My understanding is that a cultivarEpithet should be as determinant of a Taxon as an infraspecificEpithet is and treated in the same way.

tucotuco commented 2 years ago

So the text of cultivarEpithet should also be found in scientificName?

Yes, I think it should. But for a definitive answer it is best to ask someone such as @mdoering and @ nielsklazenga.

ArthurChapman commented 2 years ago

@nielsklazenga - any comments? [space inadvertently included in last post by @tucotuco

nielsklazenga commented 2 years ago

Regarding cultivarEpithet, yes, that is part of the scientificName string.

Tasilee commented 1 year ago

Why don't we have an "EXTERNAL_PREREQUISITES_NOT_MET" if we reference bdq:sourceAuthority?!

I've added it as otherwise it will stuff up the test data work.

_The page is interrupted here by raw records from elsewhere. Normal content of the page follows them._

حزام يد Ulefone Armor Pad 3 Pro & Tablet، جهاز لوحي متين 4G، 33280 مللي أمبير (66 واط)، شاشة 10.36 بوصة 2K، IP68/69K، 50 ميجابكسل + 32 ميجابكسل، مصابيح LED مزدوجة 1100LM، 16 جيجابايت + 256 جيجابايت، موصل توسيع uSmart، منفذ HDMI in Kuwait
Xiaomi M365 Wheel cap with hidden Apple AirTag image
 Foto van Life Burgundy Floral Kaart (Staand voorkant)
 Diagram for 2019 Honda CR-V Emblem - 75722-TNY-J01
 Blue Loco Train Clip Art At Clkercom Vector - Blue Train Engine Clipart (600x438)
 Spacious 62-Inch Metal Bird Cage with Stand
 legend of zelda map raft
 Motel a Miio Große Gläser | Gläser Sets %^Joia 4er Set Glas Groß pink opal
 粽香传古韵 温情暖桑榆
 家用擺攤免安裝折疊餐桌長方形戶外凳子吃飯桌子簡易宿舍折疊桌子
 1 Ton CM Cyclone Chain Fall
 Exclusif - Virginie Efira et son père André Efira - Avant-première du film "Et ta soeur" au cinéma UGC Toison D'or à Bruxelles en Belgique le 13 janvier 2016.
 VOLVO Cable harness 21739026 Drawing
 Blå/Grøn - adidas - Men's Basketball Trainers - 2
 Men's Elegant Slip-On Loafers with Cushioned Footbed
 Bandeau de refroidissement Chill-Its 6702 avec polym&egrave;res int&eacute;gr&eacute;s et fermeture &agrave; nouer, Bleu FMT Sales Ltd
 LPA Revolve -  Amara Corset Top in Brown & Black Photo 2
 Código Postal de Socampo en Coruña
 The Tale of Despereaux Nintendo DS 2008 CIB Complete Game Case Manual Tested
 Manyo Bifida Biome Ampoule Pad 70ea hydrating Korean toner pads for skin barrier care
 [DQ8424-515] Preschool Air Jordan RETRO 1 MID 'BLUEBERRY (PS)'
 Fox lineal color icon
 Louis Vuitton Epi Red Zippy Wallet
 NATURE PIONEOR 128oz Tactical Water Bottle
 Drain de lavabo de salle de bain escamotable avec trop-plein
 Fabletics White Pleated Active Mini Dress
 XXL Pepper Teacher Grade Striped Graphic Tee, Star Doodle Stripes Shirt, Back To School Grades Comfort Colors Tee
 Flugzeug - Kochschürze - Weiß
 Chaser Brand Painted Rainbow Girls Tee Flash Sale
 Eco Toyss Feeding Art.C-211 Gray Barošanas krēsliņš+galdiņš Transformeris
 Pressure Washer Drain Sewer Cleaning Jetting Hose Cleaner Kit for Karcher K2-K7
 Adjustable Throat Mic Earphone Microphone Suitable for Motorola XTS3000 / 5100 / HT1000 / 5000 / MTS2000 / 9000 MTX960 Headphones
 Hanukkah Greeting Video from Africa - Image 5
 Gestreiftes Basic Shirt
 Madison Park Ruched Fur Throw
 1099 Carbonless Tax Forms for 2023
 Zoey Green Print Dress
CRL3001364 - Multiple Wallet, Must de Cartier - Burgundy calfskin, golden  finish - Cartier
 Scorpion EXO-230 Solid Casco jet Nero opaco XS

Tasilee commented 1 year ago

Changed Parameter(s) to "bdq:sourceAuthority" as per discussions 12th June 2023

ArthurChapman commented 1 year ago

I have added to the Notes to be consistent with https://github.com/tdwg/bdq/issues/71:

"When referencing a GBIF taxon by GBIF's identifier for that taxon, use the the pseudo-namespace "gbif:" and the form "gbif:{integer}" as the value for dwc:taxonID."

chicoreus commented 1 year ago

Will need to include the new terms dwc:superfamily, dwc:tribe, dwc:subtribe https://github.com/tdwg/dwc/issues/65 https://github.com/tdwg/dwc/issues/45 https://github.com/tdwg/dwc/issues/46

Tasilee commented 1 year ago

Added the terms dwc:superfamily, dwc:tribe, dwc:subtribe to the Information elements and Expected response, and updated Specification Last Updated.

On this one, please check my Expected response.

Tasilee commented 1 year ago

Amended Source Authority values to align with @chicoreus syntax

From

bdq:sourceAuthority default = "GBIF Backbone Taxonomy" [https://doi.org/10.15468/39omei] | | | API endpoint [https://api.gbif.org/v1/species?datasetKey=d7dddbf4-2cf0-4f39-9b2a-bb099caae36c&name=]

to

bdq:sourceAuthority default = "GBIF Backbone Taxonomy" {[https://doi.org/10.15468/39omei]} {API endpoint [https://api.gbif.org/v1/species?datasetKey=d7dddbf4-2cf0-4f39-9b2a-bb099caae36c&name=]}

Tasilee commented 1 year ago

Splitting bdqffdq:Information Elements into "Information Elements ActedUpon" and "Information Elements Consulted". Also changed "Field" to "TestField" and "Output Type" to "TestType".